◆ **SOURCE MATERIAL**
»»

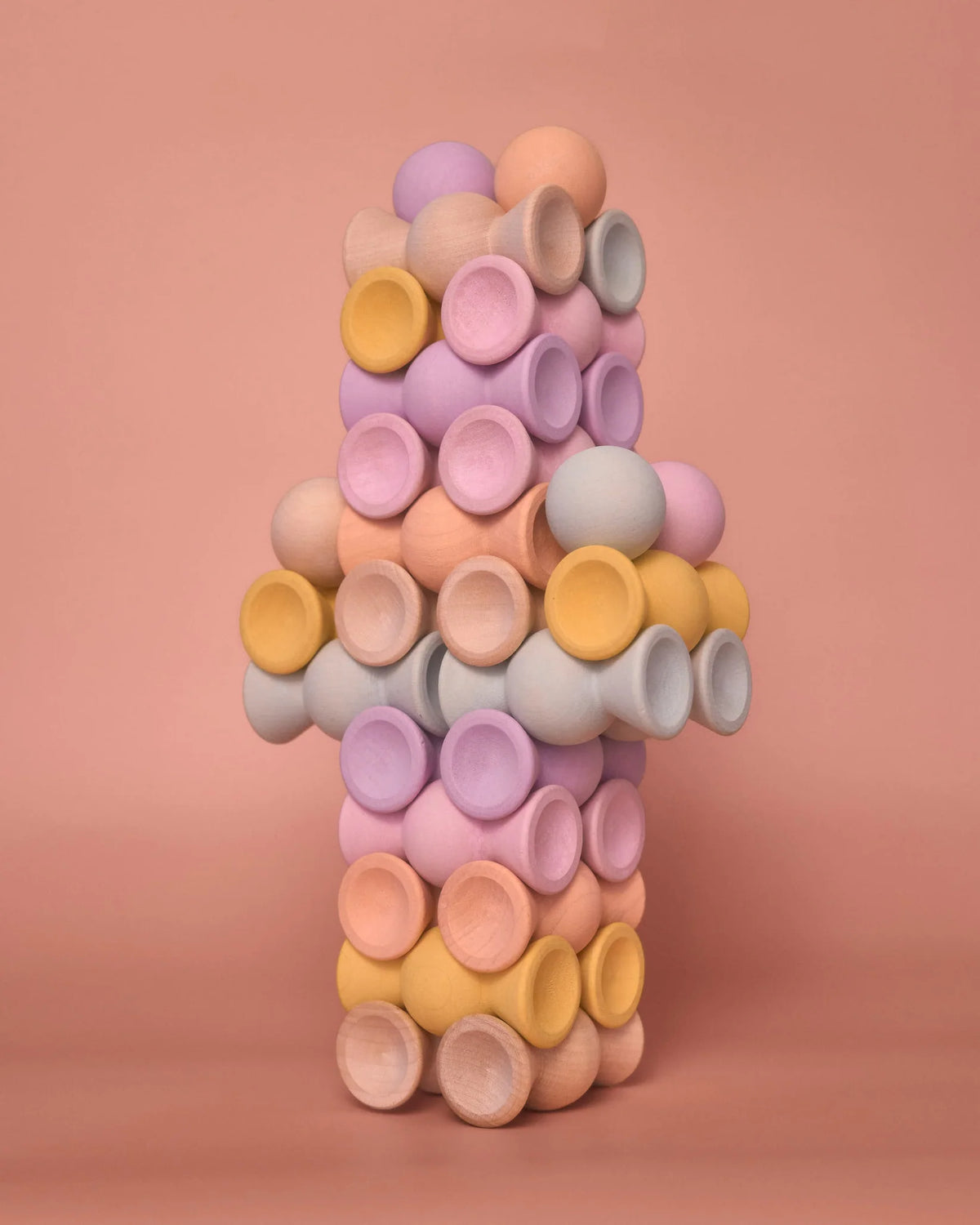 Chill Pepper Sweets – Wooden Stacking Game, Peachy Pastels (33 pcs)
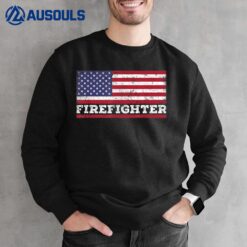 USA Flag Firefighter America Firefighters Patriotic American Sweatshirt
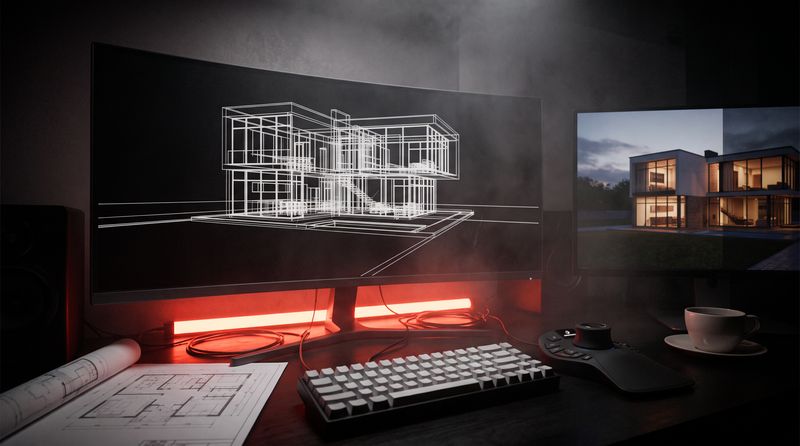 Render istasyonu: ekranda bir konutun tel kafes modeli ve yarım kalmış fotogerçekçi render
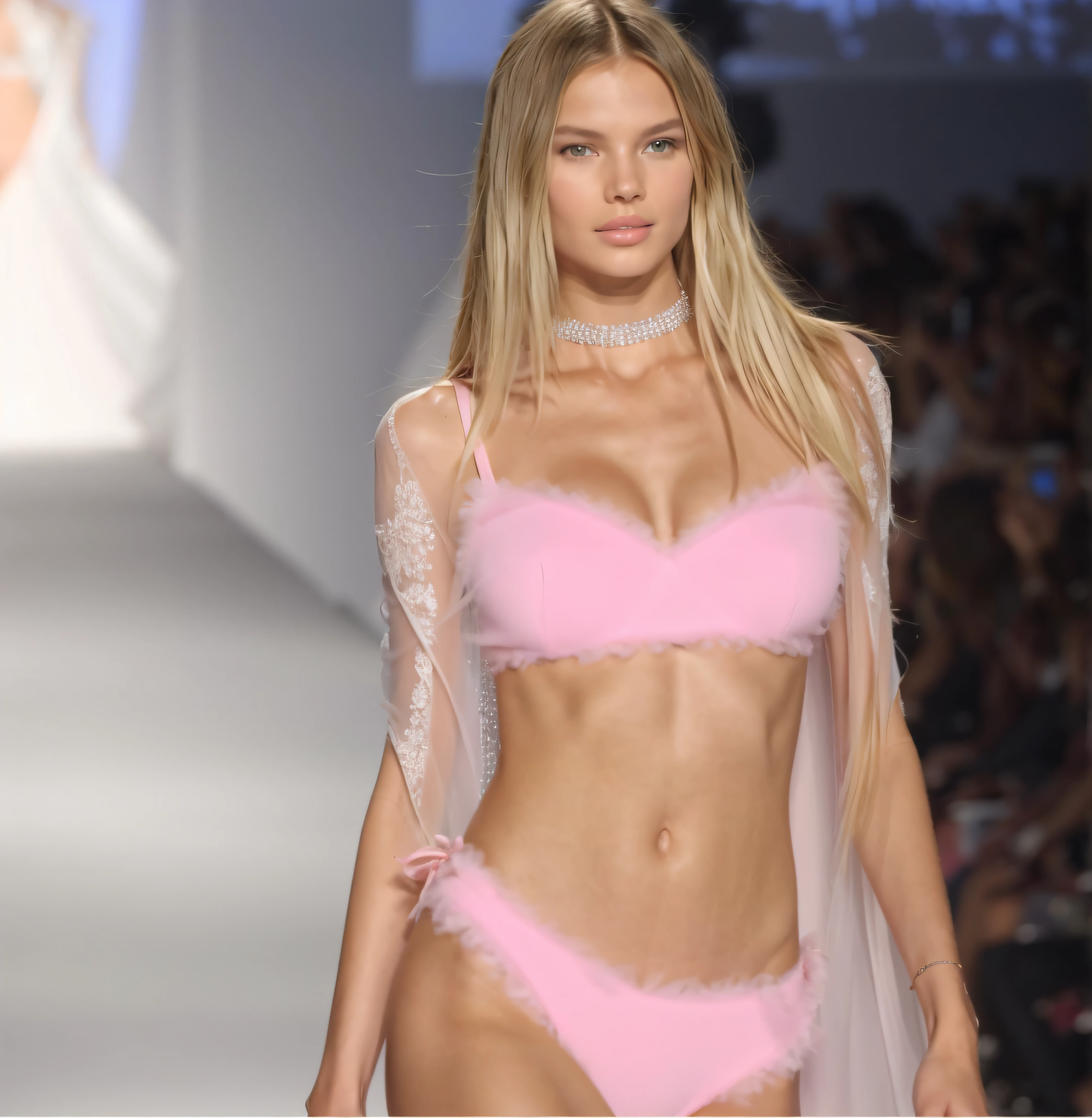 a woman in a pink bikini and a white cape on a runway, bikini model, gorgeous bikini model, victoria's secret model, victoria secret runway show, glamorous runway model, gorgeous young model, style of julia razumova, brazilan supermodel, pale pink bikini, beautiful fashion model body, on the runway, light pink bikini, karol bak uhd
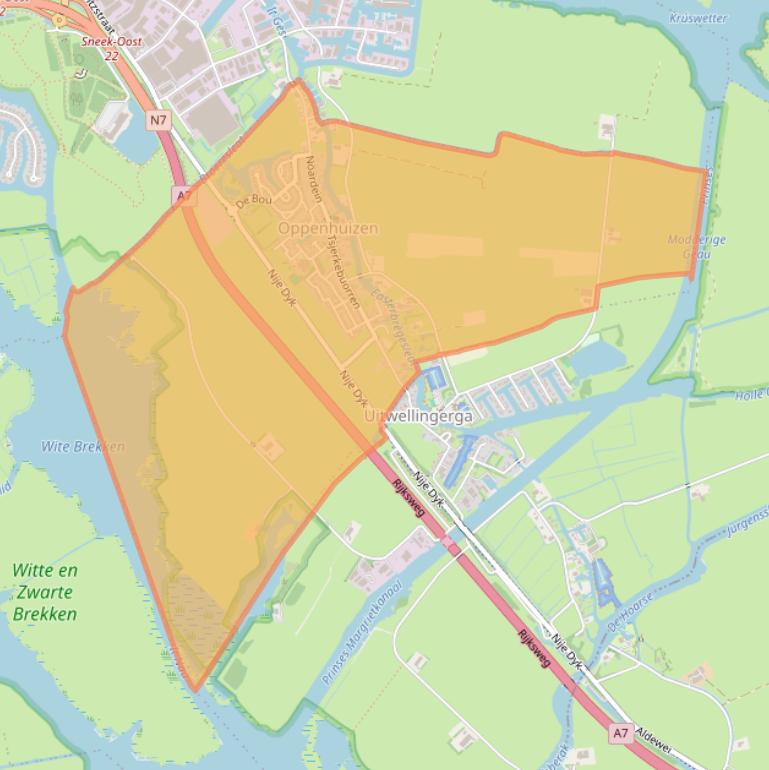 Kaart van postcodegebied 8625.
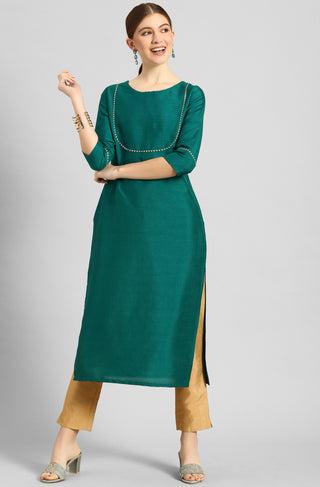 Janasya Women's Green Poly Silk Solid Straight Casual Kurta Set - Distacart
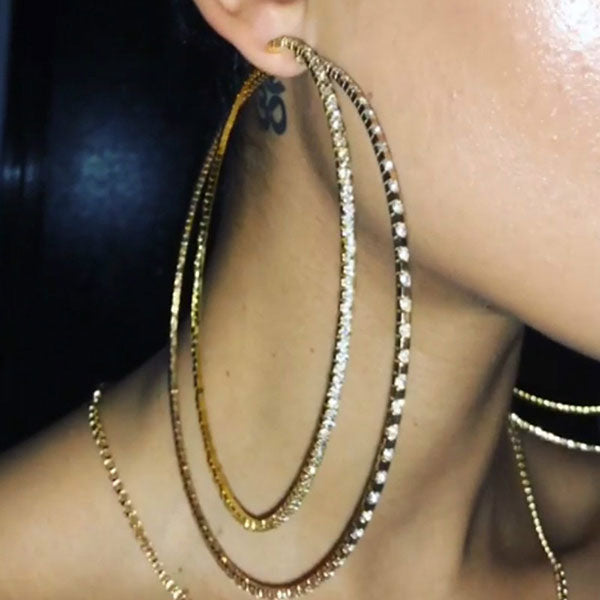 storexq Rhinestone Hyperbolic Round Hoop Earrings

««

◆ **EXERCISE AIM**
Begin at the first line of the entries and stop after the line holding "Render istasyonu: ekranda"; repeat those lines exactly, but not the pictures.

◆ **SOLUTION TO THIS PROBLEM**
 Chill Pepper Sweets – Wooden Stacking Game, Peachy Pastels (33 pcs)
 USA Flag Firefighter America Firefighters Patriotic American Sweatshirt
 Render istasyonu: ekranda bir konutun tel kafes modeli ve yarım kalmış fotogerçekçi render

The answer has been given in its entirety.